産業道路を隆嶺古道へ進む、前方に福隆山の稜線
空は晴れ渡り、日差しはすでにとても強い。前方には隆隆山など、これから向かう隆嶺古道よりも更に北にある山々が座っている。線路下をくぐり、川にそってしばらく進む。平日だがサイクリングを楽しでいる人もいる。9時20分、線路を陸橋で渡る。その先は吉次茂七郎の石碑や鉄道をテーマにした小公園が現れる。旧草嶺トンネルはその少し先である。公園から更に車道を進む。すぐ右に道が別れる。この道を進む。坂がきつくなる。10分ほど沢沿いに登ってくる。左に心斎橋が沢を越す。隆嶺古道はこの橋を渡ったところから始まると記してある。事前のネット上の情報では、道の状態はよくないということで、そのまま産業道路を進む。前方に隆嶺古道の峠部分も望める。9時51分、左に沢から登ってくる山道がある。隆嶺古道だ。新しい藍天隊の道標もある。知らなかったが、藍天隊によって整理されたようで、先ほどの心斎橋から歩いてきても問題なかったようだ。産業道路を更に二、三分歩き、右に古道の入口を見る。数分間休憩する。
隆嶺古道の峠、水頭土地公の祠が見える
峠近くから見る海岸側
元の姿に戻された土地公祠
草嶺古道に比べれば、ずっと原始的な道であるが、よく歩かれているようで状態は悪くない。少し行くと棚田跡と思われる場所を過ぎる。ゆるい坂は約10分ほどで峠に着く。苔に覆われた土地公祠があるが、中に神像はない。水頭土地公という説明がある。ネット資料によれば祠はバラバラになっていたものを、土地の人の力でもとの姿に戻されたということである。峠は、稜線上を行く山道との十字路でもある。海側に少し入ると、展望ができる。こちら側は山が切り立っており、急斜面で海に落ちていく。龜山島が海に浮かんでいる。だいぶ北になるこの地点からだと、より海に浮かぶ亀の様相がはっきりする。

福隆山への登りで振り返り見る石城山から北の峰々
福隆山すぐ下の木陰で休憩
峠からは南に稜線道を歩き始める。すぐに急坂となる。補助ロープも張られている。約20分の急登のあと、道はゆるやかになり草原にでる。振り返れば、石城山から隆隆山への稜線と、ゆるい斜面が広がっている。また森の中に入り、すこし進み10時50分、福隆山頂上(標高473m)に着く。頂上は北側がひらけて展望が望める。日差しが強いので、すぐ下の木陰のところで休憩を取る。最近急に暑くなったので、体がまだ慣れないせいか、急登は少しつらかった。

大湖山への登りから見る福隆山
大湖(堀)山頂上の筆者
十数分の休憩後大湖山を目指す。少し下り、また登り返す。すぐに草の中の道になる。11時15分、大湖山山頂(標高489m)につく。今日の行程中最高点である。周囲は低い草で展望がきく。最近草刈りがされたようで、刈られた草が残っている。前方には、これから進む山並みや、その更に奥には草嶺山などが望める。すこし雲がでてきたようで、さらに南側の峰の頂上は見えない。ただ、この先はずっと草原の道なので、強い日差しの下で歩くよりは、薄曇りのほうが楽である。風も吹いている。下っていくと、矢竹の中を進む。ここもしっかり草刈りがされて、道は歩きやすい。矢竹が雑木林に換わり坂道をほぼ下りきると、左に牛が水浴びをする水たまりがある。そのすぐ下は、龜媽坑古道の峠十字路である。11時40分、少し休憩する。

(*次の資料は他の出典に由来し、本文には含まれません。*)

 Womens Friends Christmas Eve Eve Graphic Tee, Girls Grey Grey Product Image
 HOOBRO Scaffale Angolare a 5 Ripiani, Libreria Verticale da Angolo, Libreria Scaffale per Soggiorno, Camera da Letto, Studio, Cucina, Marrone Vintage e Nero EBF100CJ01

草の道を下る、前方には桶盤堀東峰などこれから縦走する峰々
まだ新しい藍天隊の道標
稜線から海を見る、遠くに亀山島が浮かぶ
稜線から山側を望む、遠くに福隆の街、さらに遠くには瑞芳の山々
桶盤堀東峰頂上
森の中の登りはすぐ草原に出る。前方に桶盤堀東峰が見える。草原の道は、踏跡がはっきりしないのでところどころに見える標識リボンを頼りに進む。霧がかかったらこの辺りは迷いやすい。左に海と遠方に龜山島、右は貢寮から福隆の谷間、そしてその奥遠くには瑞芳の燦光寮山や草山が望める。途中、牛を崖側に出さいないための鉄線柵をくぐり登っていく。12時18分、桶盤堀東峰頂上(標高440m)に到着。360度の展望ができる山頂だ。食事休憩を取る。

草原稜線を行く、踏跡ははっきりしない
桶盤堀山頂上
30分ほどの休憩後、最後のピーク桶盤堀山へ歩き始める。振り返れば、越えてきた大湖山の頂上は雲がかかっている。一旦少しくだり、登り返す。途中の小ピークは、海側山腹を巻いていく。13時6分、桶盤堀山(標高431m)に到着する。海側は展望があるが、その他は灌木で視線が遮られてて展望はない。思っていたより早く到着する。隆嶺古道鞍部からの稜線道は途中の休憩も含めて3時間の歩きである。草原の道は曇り空であったので、快適であった。

草原にでて最後の登りを行く、後方は歩いてきた稜線
埡口へ向けて下り始める。すぐに右へ遠望坑保線路を分ける。左に道を下る。森の中の道は山側の山腹を進む。牛も歩く道は、ところどころ踏み込まれてドロドロだ。頂上から約20分で、突然草原の斜面に出る。斜面を道沿いに進み、左に登る。上がったところは大里とその先の海が広がる。反対側の斜面の下りきれば、埡口へ続く車道に降り立つ。右に少し進み、13時42分埡口の峠に着く。少し福隆側に歩き、虎字牌へ下る。そこで休憩を取る。

大里方向が下に見える
峠埡口のテラス部分
14時、大里へ向けて下り始める。峠部分へ戻り、石畳の古道を下る。稜線ではまったく他の登山者と出会わなかったが、ここからは人気ハイキングコースだ。平日でも登山者が多い。車道を数度横切り、14時23分、古道驛站へ着く。車両進入禁止の車道は、平日はOKなのか自家用車が停まっている。更に古道をを進み、古道入口からは車道を歩く。14時47分、石柱がならぶ水場で顔を洗う。焼香の絶えない慶雲宮とビジターセンターの前を通り過ぎ、大里駅へ向かう。15時3分駅に到着、15時11分の区間電車で台北に戻った。

慶雲宮の屋根越しに龜山島を遠望する
休憩込みでの活動時間6時間10分、歩行距離は約11.5kmである。海を見ながら草原道を歩くのは実に爽快だ。これから夏になると、日差しが強く草原道はつらい。春や秋に訪れることを勧める。今回は、牛の糞は見たものの牛そのものには出会わなかった。しかし、放し飼いの牛はいるので、もし出会ったら近づかないことだ。道の程度はクラス3、体力的にもクラス3である。